***** INPUT DATA
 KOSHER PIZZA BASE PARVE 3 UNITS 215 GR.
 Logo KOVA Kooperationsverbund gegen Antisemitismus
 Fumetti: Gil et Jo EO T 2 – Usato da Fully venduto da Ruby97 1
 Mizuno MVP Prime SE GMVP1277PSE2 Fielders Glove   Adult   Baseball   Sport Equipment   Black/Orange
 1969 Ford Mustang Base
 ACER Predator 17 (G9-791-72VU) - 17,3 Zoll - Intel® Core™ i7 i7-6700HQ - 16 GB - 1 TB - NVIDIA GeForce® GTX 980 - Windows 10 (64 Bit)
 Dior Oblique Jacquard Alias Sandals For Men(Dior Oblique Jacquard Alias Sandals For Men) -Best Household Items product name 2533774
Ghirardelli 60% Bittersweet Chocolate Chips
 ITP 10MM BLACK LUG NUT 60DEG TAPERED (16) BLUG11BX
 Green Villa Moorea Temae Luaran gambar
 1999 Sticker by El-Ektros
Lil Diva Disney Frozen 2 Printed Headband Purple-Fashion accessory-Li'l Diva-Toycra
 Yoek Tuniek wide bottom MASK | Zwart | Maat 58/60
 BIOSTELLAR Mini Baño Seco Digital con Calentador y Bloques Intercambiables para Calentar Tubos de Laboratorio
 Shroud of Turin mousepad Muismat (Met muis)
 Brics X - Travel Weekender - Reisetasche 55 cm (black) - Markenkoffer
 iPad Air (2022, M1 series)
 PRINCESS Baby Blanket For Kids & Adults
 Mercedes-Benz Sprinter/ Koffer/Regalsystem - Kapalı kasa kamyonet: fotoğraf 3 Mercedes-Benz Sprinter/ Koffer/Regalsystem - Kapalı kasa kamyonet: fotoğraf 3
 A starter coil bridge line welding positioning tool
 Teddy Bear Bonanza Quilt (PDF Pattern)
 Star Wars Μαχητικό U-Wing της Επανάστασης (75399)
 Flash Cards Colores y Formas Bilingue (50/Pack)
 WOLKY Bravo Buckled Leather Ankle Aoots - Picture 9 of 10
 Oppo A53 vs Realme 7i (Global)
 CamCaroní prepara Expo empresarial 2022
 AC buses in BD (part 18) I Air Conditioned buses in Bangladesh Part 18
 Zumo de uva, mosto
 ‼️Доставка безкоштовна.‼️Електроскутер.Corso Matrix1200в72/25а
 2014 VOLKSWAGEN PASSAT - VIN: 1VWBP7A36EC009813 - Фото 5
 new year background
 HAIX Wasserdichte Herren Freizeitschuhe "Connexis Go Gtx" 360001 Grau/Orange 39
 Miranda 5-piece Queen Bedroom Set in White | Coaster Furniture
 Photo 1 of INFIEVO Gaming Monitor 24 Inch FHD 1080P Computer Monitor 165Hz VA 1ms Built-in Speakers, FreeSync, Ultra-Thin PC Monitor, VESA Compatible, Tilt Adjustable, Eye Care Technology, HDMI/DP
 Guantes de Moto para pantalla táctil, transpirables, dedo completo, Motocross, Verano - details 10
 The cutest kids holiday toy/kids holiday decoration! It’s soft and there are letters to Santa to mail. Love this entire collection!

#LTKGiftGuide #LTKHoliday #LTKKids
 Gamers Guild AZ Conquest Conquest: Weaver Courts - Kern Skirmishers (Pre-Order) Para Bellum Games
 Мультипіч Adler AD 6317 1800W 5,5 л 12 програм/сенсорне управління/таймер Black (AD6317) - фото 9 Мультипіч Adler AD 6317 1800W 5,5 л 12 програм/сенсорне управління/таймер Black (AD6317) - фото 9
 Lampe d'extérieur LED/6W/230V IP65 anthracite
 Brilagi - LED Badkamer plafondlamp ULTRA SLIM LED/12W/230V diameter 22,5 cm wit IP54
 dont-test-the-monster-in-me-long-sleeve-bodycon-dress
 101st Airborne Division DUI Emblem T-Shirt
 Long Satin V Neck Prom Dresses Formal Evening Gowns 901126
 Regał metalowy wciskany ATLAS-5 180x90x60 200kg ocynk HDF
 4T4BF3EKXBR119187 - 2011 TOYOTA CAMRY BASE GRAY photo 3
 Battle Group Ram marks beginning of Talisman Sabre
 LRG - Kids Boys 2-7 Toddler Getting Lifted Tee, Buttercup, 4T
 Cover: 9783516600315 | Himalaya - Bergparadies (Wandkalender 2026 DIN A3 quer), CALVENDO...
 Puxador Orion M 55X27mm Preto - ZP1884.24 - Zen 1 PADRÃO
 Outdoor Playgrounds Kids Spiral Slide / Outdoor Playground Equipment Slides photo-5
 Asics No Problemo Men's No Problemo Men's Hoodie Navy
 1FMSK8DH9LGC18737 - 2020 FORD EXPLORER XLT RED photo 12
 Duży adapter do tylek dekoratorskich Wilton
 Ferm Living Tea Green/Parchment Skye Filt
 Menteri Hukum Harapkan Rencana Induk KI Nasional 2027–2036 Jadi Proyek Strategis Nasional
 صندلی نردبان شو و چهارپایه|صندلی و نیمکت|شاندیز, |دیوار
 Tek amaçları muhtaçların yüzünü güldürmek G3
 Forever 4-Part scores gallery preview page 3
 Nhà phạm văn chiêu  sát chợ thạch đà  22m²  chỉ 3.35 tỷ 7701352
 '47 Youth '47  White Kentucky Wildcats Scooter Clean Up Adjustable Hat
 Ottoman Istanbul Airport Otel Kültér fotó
**********
### TASK DIRECTIONS
Could you retype exactly the lines from the first one of the records through the line containing "1969 Ford Mustang Base", both included, and nothing more?

### TASK SOLUTION
 KOSHER PIZZA BASE PARVE 3 UNITS 215 GR.
 Logo KOVA Kooperationsverbund gegen Antisemitismus
 Fumetti: Gil et Jo EO T 2 – Usato da Fully venduto da Ruby97 1
 Mizuno MVP Prime SE GMVP1277PSE2 Fielders Glove   Adult   Baseball   Sport Equipment   Black/Orange
 1969 Ford Mustang Base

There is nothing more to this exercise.